MLA for Kings South
- In office 1993–1999
- Preceded by: Derrick Kimball
- Succeeded by: David Morse

Minister of Justice and Attorney General of Nova Scotia and Provincial Secretary of Nova Scotia
- In office December 16, 1998 – August 16, 1999
- Preceded by: Jim Smith
- Succeeded by: Michael Baker

Personal details
- Born: 1948 (age 77–78)
- Party: Liberal
- Occupation: Teacher

= Robbie Harrison =

Canadian politician & educator (born 1948)

Robert "Robbie" S. Harrison (born 1948) is a Canadian politician and educator. He represented Kings South in the Nova Scotia House of Assembly from 1993 to 1999 as a Liberal member.

Harrison was educated at Acadia University. He was a school teacher and principal of the Coldbrook School. He was a member of the board of governors for Acadia University and the board of trustees for Eastern Kings Memorial Hospital.

Harrison entered provincial politics in the 1993 election, defeating former Progressive Conservative cabinet minister Harry How by 128 votes in the Kings South riding. On June 11, 1993, Harrison was appointed to the Executive Council of Nova Scotia as Minister of Environment. In March 1995, he was moved to Minister of the Economic Renewal
Agency. On June 27, 1996, Harrison became Minister of Education and Culture, a job he kept when Russell MacLellan took over as premier in July 1997.
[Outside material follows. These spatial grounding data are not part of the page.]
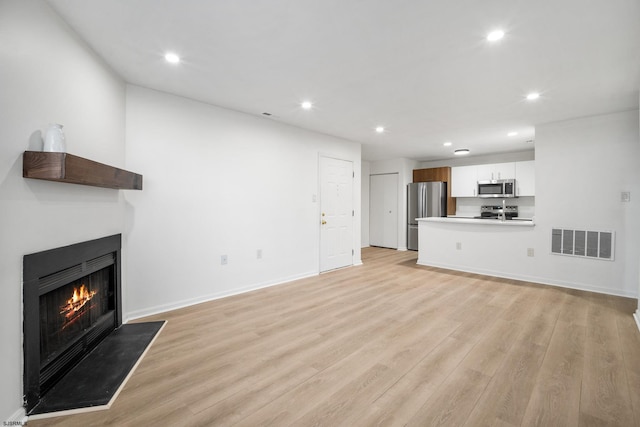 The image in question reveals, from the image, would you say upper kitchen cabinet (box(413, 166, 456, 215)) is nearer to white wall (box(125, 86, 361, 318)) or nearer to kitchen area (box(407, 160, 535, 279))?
kitchen area (box(407, 160, 535, 279))

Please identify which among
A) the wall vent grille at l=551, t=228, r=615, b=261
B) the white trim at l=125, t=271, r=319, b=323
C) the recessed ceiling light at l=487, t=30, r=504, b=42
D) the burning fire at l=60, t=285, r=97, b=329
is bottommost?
the white trim at l=125, t=271, r=319, b=323

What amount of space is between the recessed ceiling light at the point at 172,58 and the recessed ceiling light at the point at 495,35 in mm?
2528

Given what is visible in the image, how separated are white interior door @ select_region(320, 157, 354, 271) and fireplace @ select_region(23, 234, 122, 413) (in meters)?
3.11

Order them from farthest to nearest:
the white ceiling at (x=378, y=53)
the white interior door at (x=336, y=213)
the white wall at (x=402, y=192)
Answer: the white wall at (x=402, y=192) < the white interior door at (x=336, y=213) < the white ceiling at (x=378, y=53)

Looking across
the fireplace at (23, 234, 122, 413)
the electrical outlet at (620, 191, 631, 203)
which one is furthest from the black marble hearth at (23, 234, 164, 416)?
the electrical outlet at (620, 191, 631, 203)

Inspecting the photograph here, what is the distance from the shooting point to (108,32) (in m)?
2.15

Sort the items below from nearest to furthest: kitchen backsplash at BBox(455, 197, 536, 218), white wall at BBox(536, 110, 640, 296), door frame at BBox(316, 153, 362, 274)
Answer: white wall at BBox(536, 110, 640, 296) < door frame at BBox(316, 153, 362, 274) < kitchen backsplash at BBox(455, 197, 536, 218)

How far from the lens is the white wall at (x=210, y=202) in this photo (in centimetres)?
315

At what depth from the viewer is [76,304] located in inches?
88.4

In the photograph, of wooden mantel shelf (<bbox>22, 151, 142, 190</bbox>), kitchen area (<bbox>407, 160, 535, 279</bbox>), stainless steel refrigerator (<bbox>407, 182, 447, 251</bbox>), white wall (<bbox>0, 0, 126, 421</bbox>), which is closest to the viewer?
white wall (<bbox>0, 0, 126, 421</bbox>)

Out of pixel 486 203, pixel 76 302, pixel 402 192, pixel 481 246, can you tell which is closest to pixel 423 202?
pixel 402 192

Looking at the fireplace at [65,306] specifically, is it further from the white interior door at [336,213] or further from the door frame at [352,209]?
the white interior door at [336,213]

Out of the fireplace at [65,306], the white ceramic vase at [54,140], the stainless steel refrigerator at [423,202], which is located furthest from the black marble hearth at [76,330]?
the stainless steel refrigerator at [423,202]

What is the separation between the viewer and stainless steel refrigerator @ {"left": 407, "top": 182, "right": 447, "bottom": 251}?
7.18 m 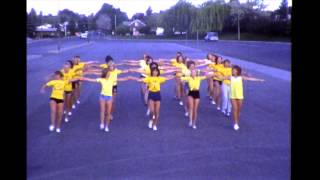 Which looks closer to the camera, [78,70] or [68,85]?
[68,85]

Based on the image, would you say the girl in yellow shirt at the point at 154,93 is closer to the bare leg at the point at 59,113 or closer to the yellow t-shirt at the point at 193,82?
the yellow t-shirt at the point at 193,82

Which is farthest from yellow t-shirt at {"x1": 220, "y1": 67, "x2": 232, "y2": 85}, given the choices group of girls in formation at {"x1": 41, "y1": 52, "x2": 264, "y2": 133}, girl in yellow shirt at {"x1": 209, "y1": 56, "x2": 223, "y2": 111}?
girl in yellow shirt at {"x1": 209, "y1": 56, "x2": 223, "y2": 111}

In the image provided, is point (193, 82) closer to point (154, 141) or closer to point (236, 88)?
point (236, 88)

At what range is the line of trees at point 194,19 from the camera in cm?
608

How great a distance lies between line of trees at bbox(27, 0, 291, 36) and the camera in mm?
6082

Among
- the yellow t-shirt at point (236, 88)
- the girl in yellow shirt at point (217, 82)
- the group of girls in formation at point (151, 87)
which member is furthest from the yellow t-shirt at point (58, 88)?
the girl in yellow shirt at point (217, 82)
Harrison was re-elected in the 1998 election. On April 8, 1998, he was retained as Minister of Education and Culture, but was also given the additional responsibility for sport and recreation, and science and technology. In December 1998, MacLellan shuffled his cabinet, moving Harrison from Education to Attorney General and Minister of Justice, and also naming him Minister of Business and Consumer Services, while retaining the minor roles he had been given following the election. In the 1999 election, Harrison was defeated by Progressive Conservative David Morse. Following his defeat, Harrison returned the field of education.

Following Stephen McNeil's election as premier in the 2013 election, Harrison served as a member of his transition team.